There are many careers out there that people can choose from. Some range from helping people such as a doctor, and go all the way to being a blue collard construction worker. However, of all of these careers, non are as prestigious, and/or dignified as the bum. Now I know what your going to say, “Nick, being a bum is easy. You seem to have that art mastered. You drink at your job, you wake up at noon everyday, you never seem to be doing homework or studying, and just in general, you’re a pile of shit.” First off, don’t judge me; second off, contrary to popular belief, I’m not yet a bum, I’m simply working towards becoming a full fledged one. Now you will ask, “Well then Nick, how can I become a bum?” Well, with roughly 10 years of training, I now am willing to share the secret art form to become a bum. I will teach you what you should wear, all the way to where you should sleep at night. So grab your grocery cart and get ready to learn.

Attire: Bums nowadays tend to go for that part lumberjack, part Will Farrell look.

A kind of like, “Hey! I’m tough and rugged, but I’m also incredibly funny to laugh at.”

Hair: This being one of the most intricate parts of the bums getup, this is something that you should put an exceptional amount of time and effort into. But don’t fear, blowdriers, combs and brushes are a relic of a bygone era. As a bum bits of food such as pizza or spaghetti noodles will replace your blowdrier; rat feces will replace the comb; and brushes? You’ll be using gum and your own natural hair grease to replace that useless item.

Teeth: Another very unique look. Bums don’t seem to believe that, “White teeth are happy teeth,” like normal people. But in fact, they hold the strong belief that, “No toofs are no problem.” This look is commonly emulated poorly by hockey players and boxers, however it takes a seasoned professional bum to really pull this one off.

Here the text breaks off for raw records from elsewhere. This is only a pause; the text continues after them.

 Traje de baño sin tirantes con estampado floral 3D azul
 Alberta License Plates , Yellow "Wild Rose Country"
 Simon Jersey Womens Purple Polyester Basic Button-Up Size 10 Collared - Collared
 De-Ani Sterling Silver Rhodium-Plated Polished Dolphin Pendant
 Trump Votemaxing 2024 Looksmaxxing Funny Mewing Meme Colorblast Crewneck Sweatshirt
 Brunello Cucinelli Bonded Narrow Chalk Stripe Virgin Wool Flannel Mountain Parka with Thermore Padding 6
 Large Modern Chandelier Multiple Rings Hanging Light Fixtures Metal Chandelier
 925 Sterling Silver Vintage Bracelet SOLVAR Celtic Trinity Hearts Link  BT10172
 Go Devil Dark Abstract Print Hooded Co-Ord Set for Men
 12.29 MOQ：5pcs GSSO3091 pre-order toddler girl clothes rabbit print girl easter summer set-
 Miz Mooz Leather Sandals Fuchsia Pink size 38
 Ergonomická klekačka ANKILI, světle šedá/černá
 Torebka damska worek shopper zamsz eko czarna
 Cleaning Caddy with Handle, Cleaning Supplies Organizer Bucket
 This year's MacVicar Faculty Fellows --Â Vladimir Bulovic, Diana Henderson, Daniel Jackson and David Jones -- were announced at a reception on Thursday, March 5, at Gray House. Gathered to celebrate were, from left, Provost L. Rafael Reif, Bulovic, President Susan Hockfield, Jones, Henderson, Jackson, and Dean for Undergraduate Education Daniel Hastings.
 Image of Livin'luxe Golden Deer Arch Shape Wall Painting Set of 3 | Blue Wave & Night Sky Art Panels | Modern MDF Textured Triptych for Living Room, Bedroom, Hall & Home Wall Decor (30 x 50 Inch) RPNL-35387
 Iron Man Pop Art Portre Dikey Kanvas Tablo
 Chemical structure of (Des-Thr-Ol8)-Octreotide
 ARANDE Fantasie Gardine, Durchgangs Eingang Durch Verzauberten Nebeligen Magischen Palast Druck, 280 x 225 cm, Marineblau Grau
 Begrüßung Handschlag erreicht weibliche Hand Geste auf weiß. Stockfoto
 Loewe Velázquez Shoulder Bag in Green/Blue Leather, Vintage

Job: When talking about a bum, I use the term “Job” very loosely. A bums job can

range anywhere from drinking two 40’s and a bottle of vodka in a day or go all way to going on a corner axing for some spae chane. All I can really say is have fun with whatever career path you choose as a bum. The world is your workplace.

Bed: Now this is one of the best parts about being a bum. Your bed can be wherever you want it to be! Want it by a church? Go there! Want it under a bridge? Crouch under and have fun in your newly found fort. Like that house over there? Break in! Get creative, the world is your bed, so go sleep on it!

House: A house range anywhere from a cardboard box to a shopping cart. Each group has its pros and cons, so I will now list them for you.

Box: Pros: Stationary, easy expansion with one or two shoeboxes, collapsible, can sleep on top of it like snoopy sleeps on top of his dog house, and can be used as a funny sexual enuendo such as, “Hey wanna come look at my box?”

Cons: A little drizzle on your box will act like hurricane Katrina all over again and wipe you out. DRATS!

Shopping Cart: Pros: , a lower shelf to put your other appliances.

Cons: The bums trailer park :(.

Presentation: The presentation of being a bum is one of the last but not least part of being a bum. The posture of a bum should be somewhat slumped. Not so much to look like the Hunchback of Notre Dame’s back, but not so little like you look like Forrest Gump….before his leg braces where taken off. Next you should act like you don’t have a care in the world. Why you ask? Because you don’t, you’re a bum.

There you have it. I have broken down how to become a bum. So slump your posture, lose some teeth, get that poop in your hair, because now you have what it takes to become the next American wasteland.